Live performance... wow...  if you're doing ambient - GOOD LUCK.  There just aren't that many shows available outside of coffee houses, art galleries, and house concerts - and none of those are going to pay well.  The normal model of a rock band paying for the cost of touring with their merchandise - and covering CD release costs from the tour...  just doesn't apply.   Ambient artists play live for the love of playing live.  Just like they release albums... for the love of it.  Just my opinion - but I don't think I'm all that far off the mark.  

 

I've played countless gigs... bar bands, college bands - none of them ambient that actually paid.   I've played several ambient gigs - and I lost far more money on the ambient gigs then I made from either being paid to play (from splitting the ticket costs) - and from merchandise.  

 

Ambient music boils down to love and passion in my mind.    Well - all music and musicians hopefully can say that, not just ambient ones. 

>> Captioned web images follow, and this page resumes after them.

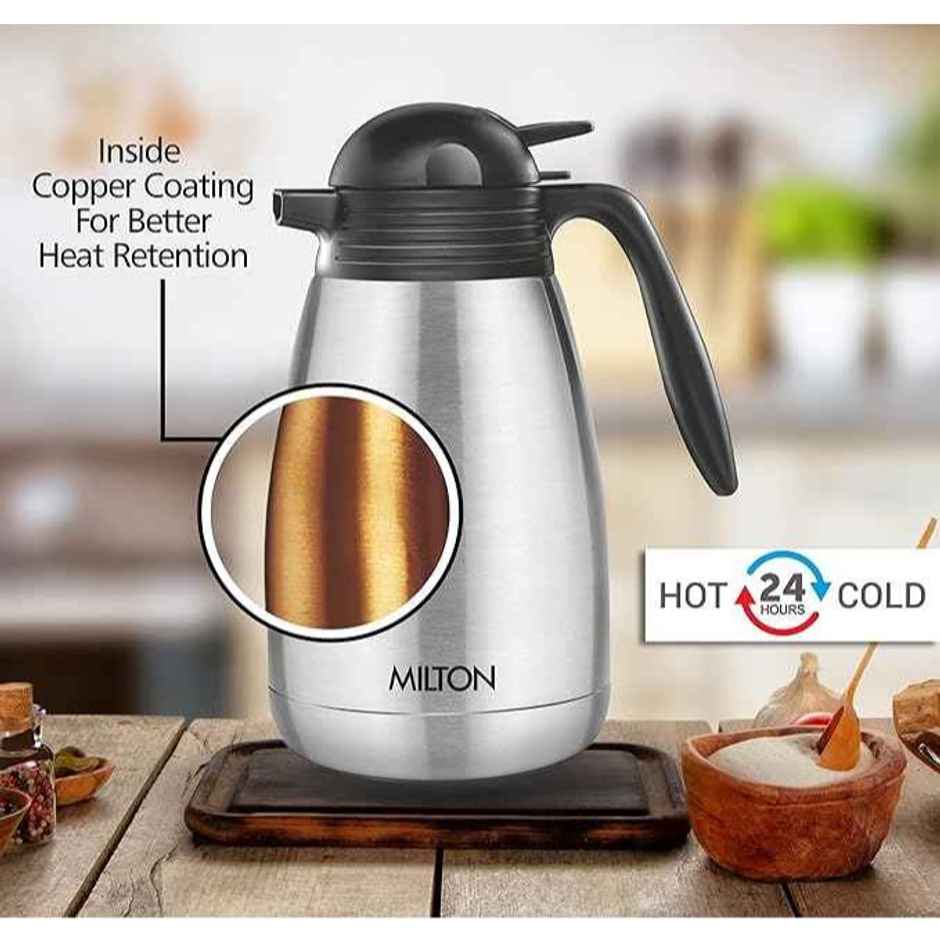 Milton Thermosteel Carafe 24 Hours Hot Or Cold Tea/Coffee Pot, 1500 ml, Silver, Stainless Steel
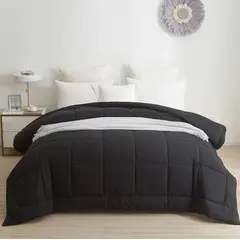 TEFI HOME - Edredón Monocromo Negro QUEEN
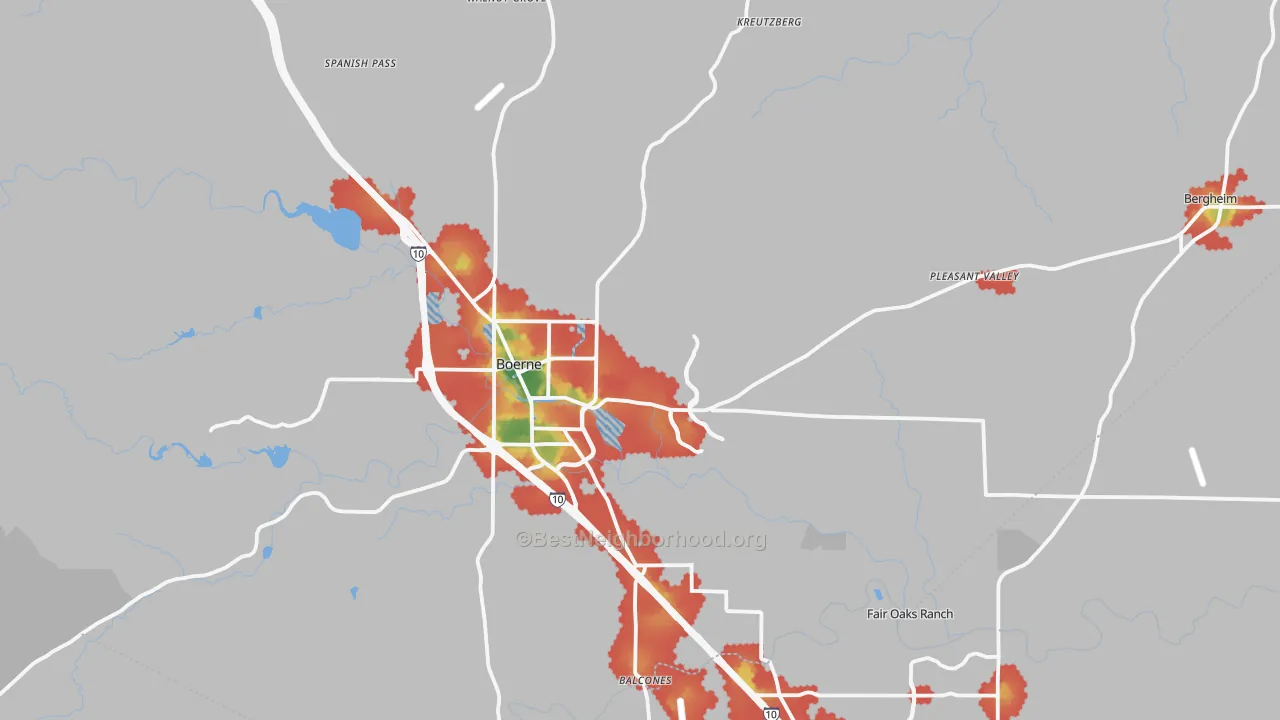 Walk Grade map of 78006, TX, walkable areas in green and car-dependent areas in red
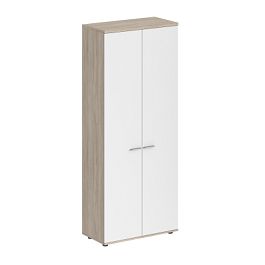 Гардероб Sigma 800х400х1955, з.ст ЛДСП 16 мм / корпус: дуб светлый; фасады: белый - Фото предпросмотра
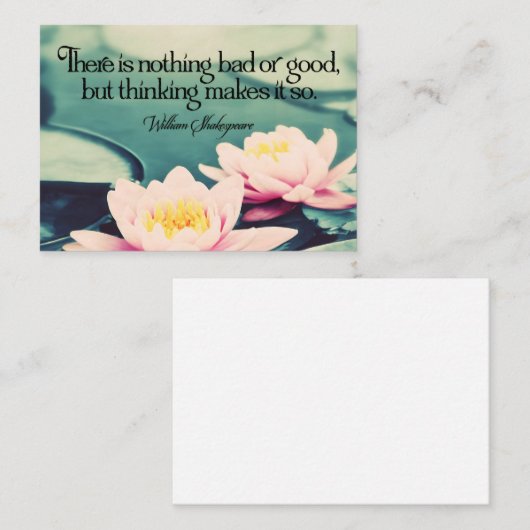 William Shakespeare inspirierendes Zitat "Denken" Mitteilungskarte (Vorne/Hinten)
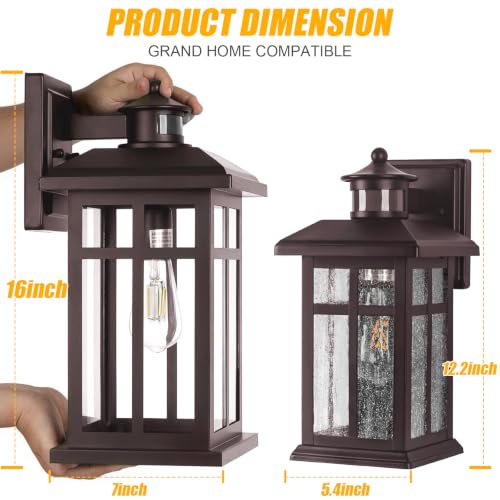 Motion Sensor Outdoor Wall Sconces Hardwired 16" Bronze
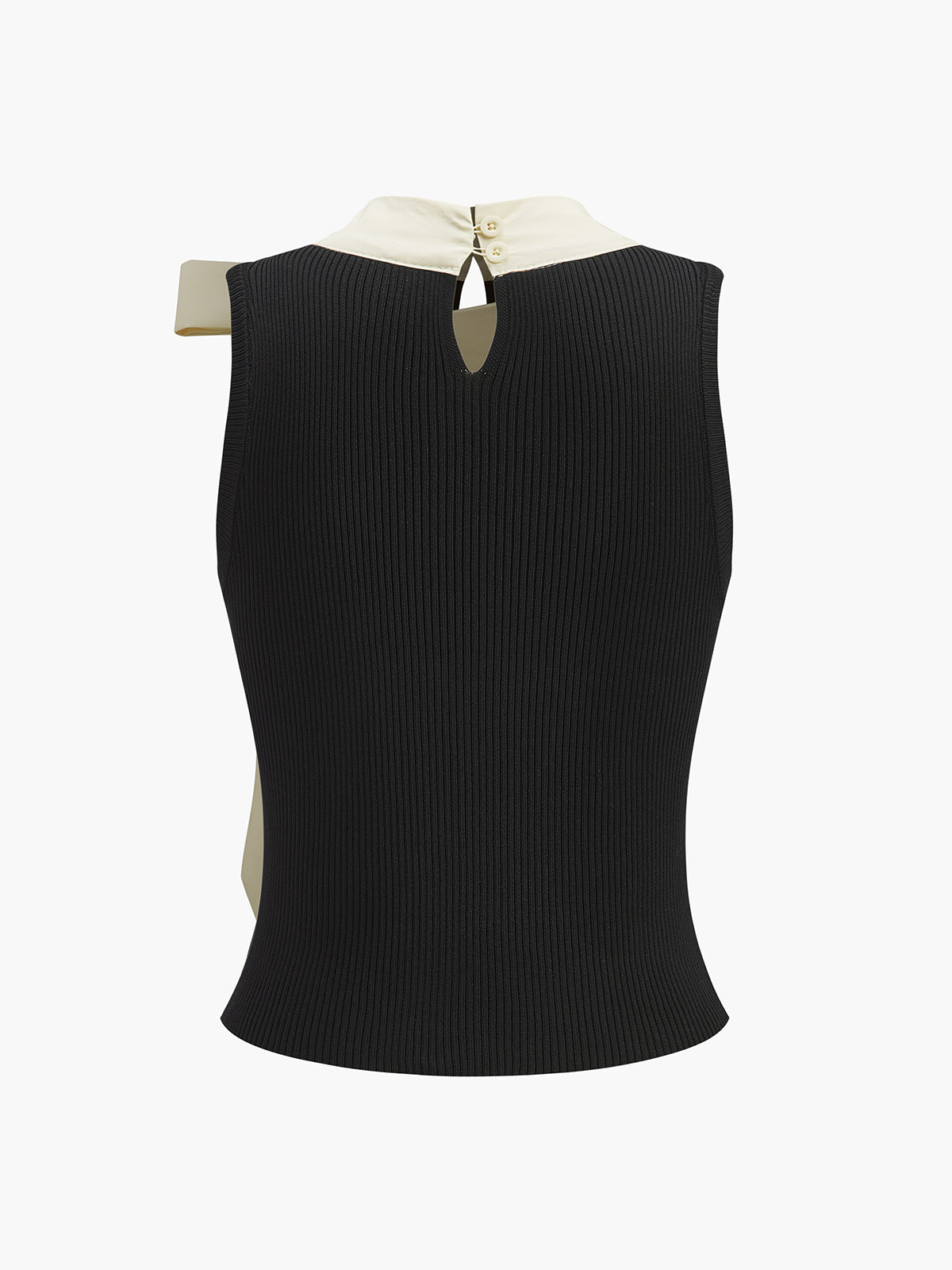 Multicolor Knit Bow Front Vest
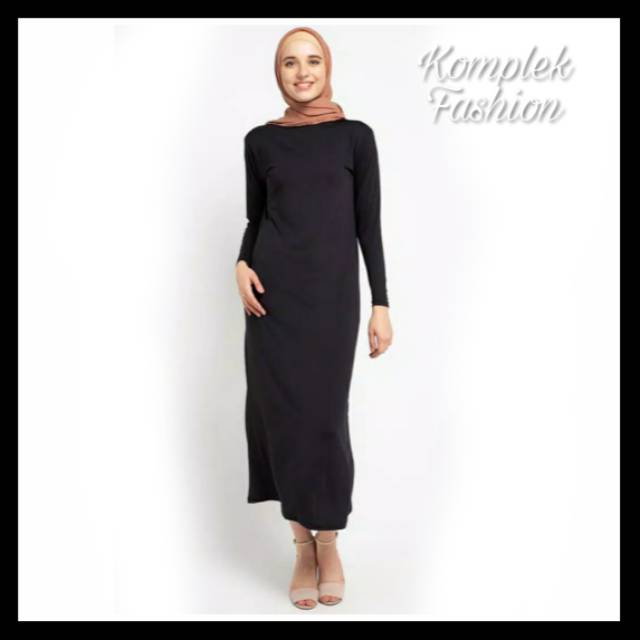 MANSET  DALAMAN  BAJU GAMIS WANITA PANJANG  HITAM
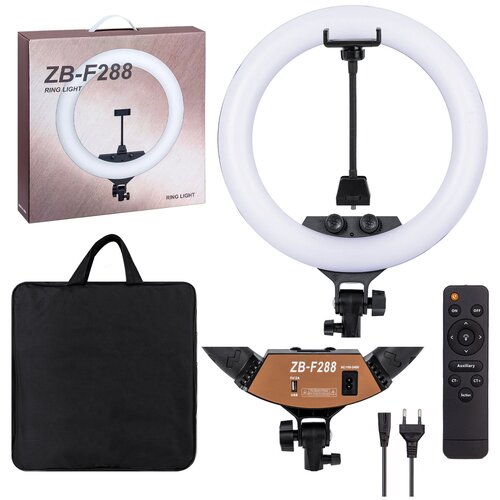 Кольцевая лампа ZB-F288 с пультом управления 36 см чёрная 333200₽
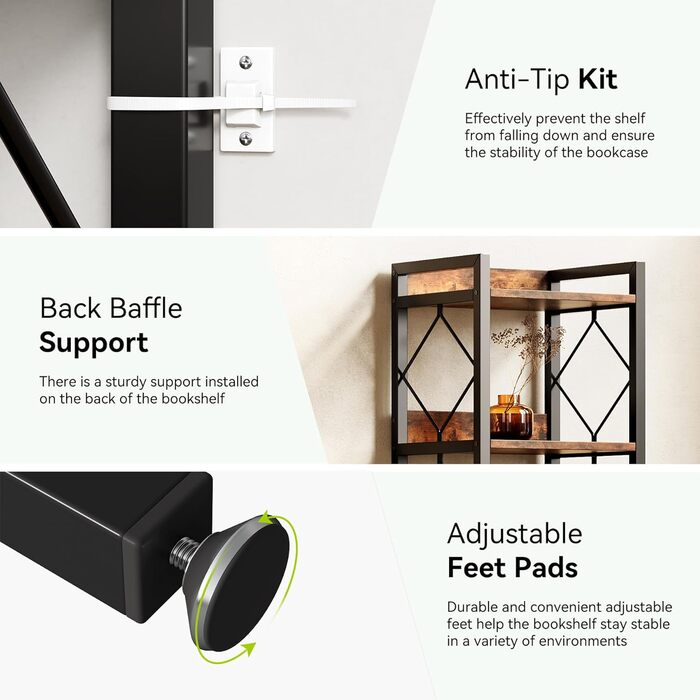 Ярусна книжкова полиця LITTLE TREE, полиця на одному місці, окремостояча полиця, вітальня, спальня, кабінет, 35 x 35 x 200 см, промисловий дизайн, вінтажний коричнево-чорний, 7-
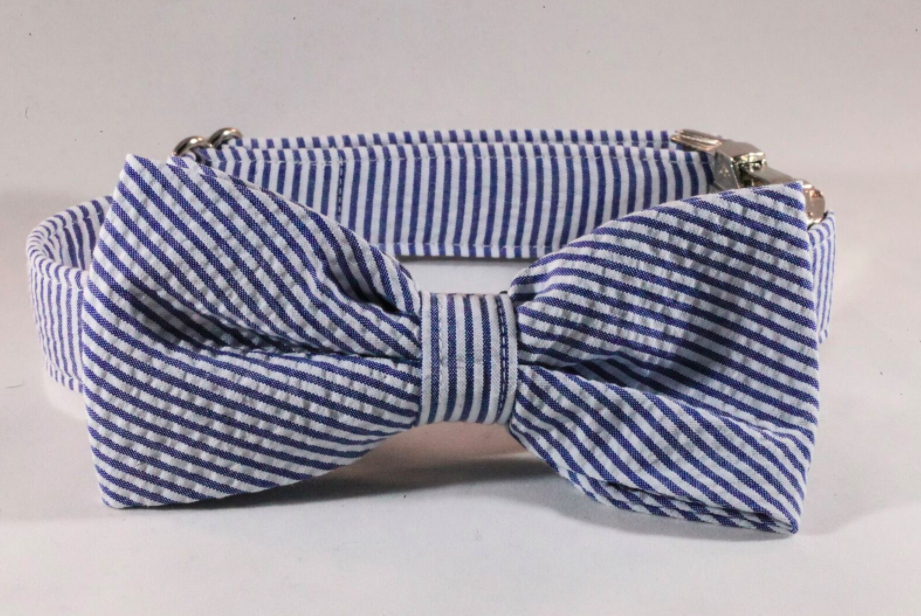 Preppy Navy Blue Seersucker Bow Tie Dog Collar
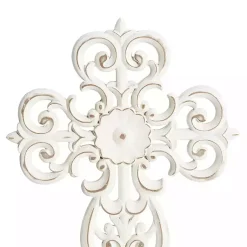 Kirklands Home Wall Plaques|Wood Wall Cross Wall Plaques, Set of 3 White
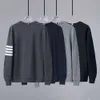 Heren Hoodies Sweatshirts TB JL Autumn Sweater Mens Round Neck Pullover Yarn geverfd vier bar Nieuw Terry Mens Sports Suit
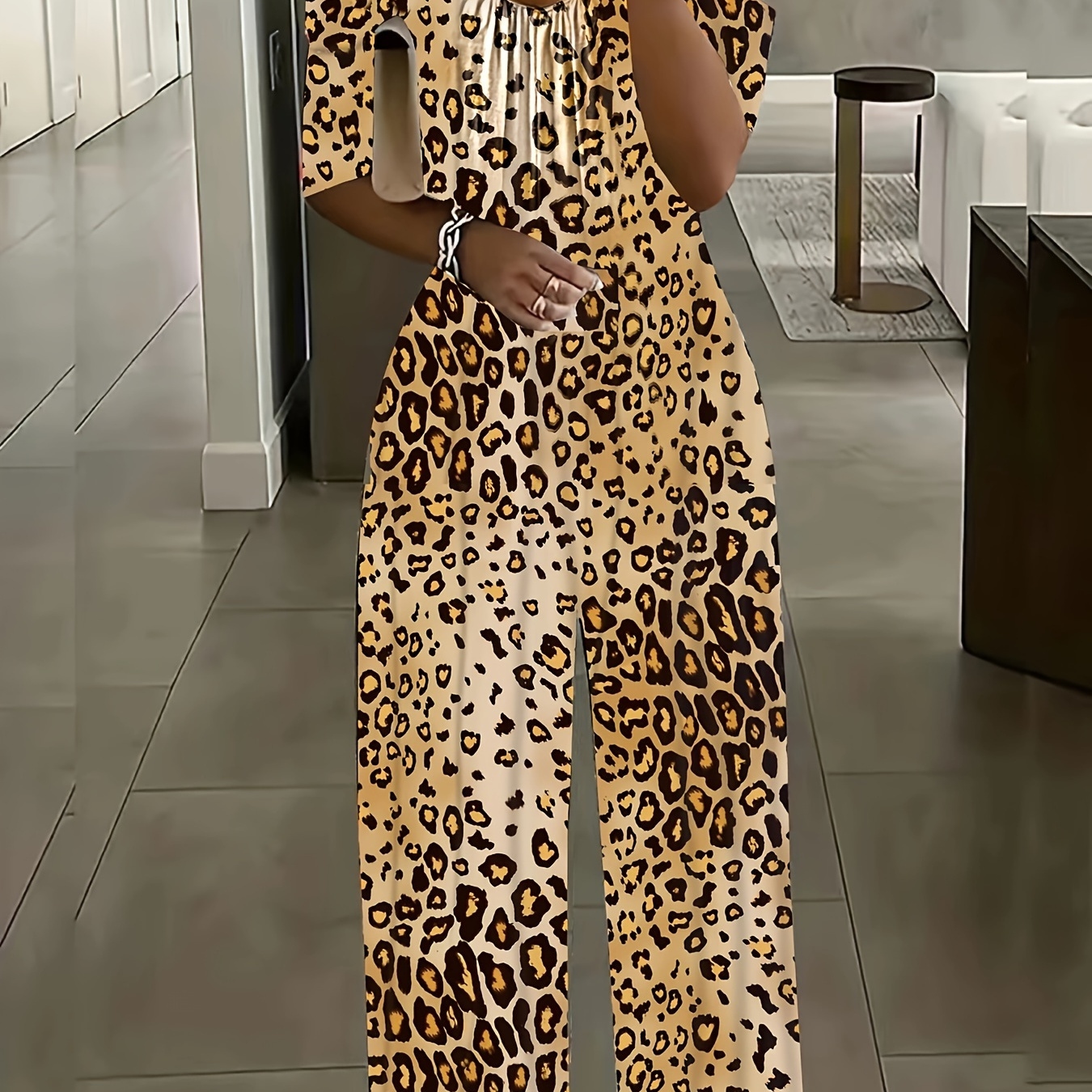 

Plus Size Leopard Print Cold Shoulder Jumpsuit, Casual Ruched Jumpsuit For Spring &summer, Women's Plus Size Clothing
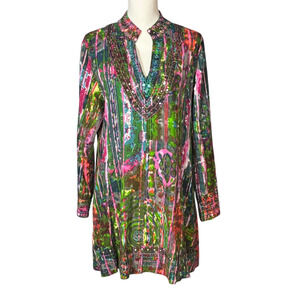 Soft Surroundings Mosaic Tunic Size Large Green Boho Artsy Embroidery Tie Dye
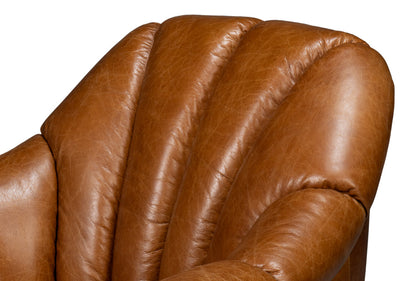 Scoth Wood and Leather Brown Swivel Arm Chair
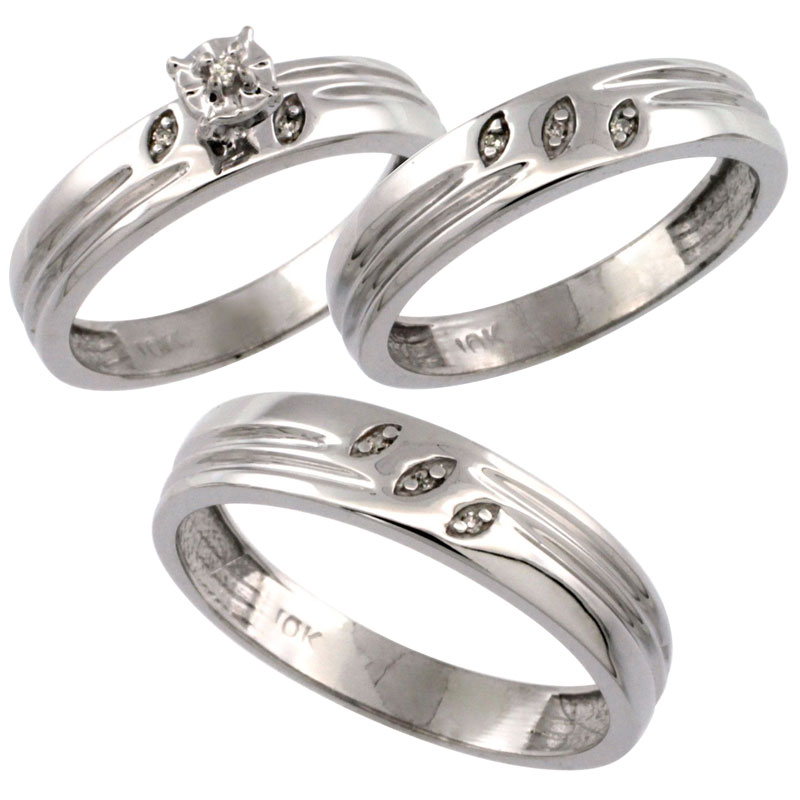 10k White Gold 3-Pc. Trio His (5mm) &amp; Hers (4.5mm) Diamond Wedding Ring Band Set, w/ 0.075 Carat Brilliant Cut Diamonds (Ladies&#039; Sizes 5-10; Men&#039;s Sizes 8 to 14)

Comment by Cloudwalk on June 7, 2012 at 6:48pm

Thanks Steve and JKN for the insight and resources! I appreciate it! I feel like I'm finally stepping into a much larger world, and I'm glad there is a community like this!

Comment by Steve Brand on June 20, 2012 at 4:57pm

On a sort of tangent... From what I can see, if an artist (music, film, written word, whatever) wants to have his work read, seen or heard these days, we have to make a concerted effort to be visible in a world that is dominated by "social media." The days are gone in which one can just sit in the studio, make music, write a book, make a painting and sell from a URL. (Most of us know this was NEVER enough and most of us reached out in one way or another, but it's just that the nature of the connecting and reaching out that has morphed over time.) There's a tacit expectation from listeners, readers, viewers, etc. that the artist be visible, reach out, connect, respond...which sort of chaffs the hermit artists in some of us! My wife is "Friends" on FaceBook with several authors, fashion designers, film makers, stars and musicians whom she follows regularly. It's an expectation now and if you're not doing it, you're nearly invisible.

To be clear, this isn't about "doing what's necessary," our doing something because it's trendy or out of obligation, connecting with others, with our audience, with other artists is...whether we acknowledge it or not...fundamentally what it's all about, and ultimately serves us all.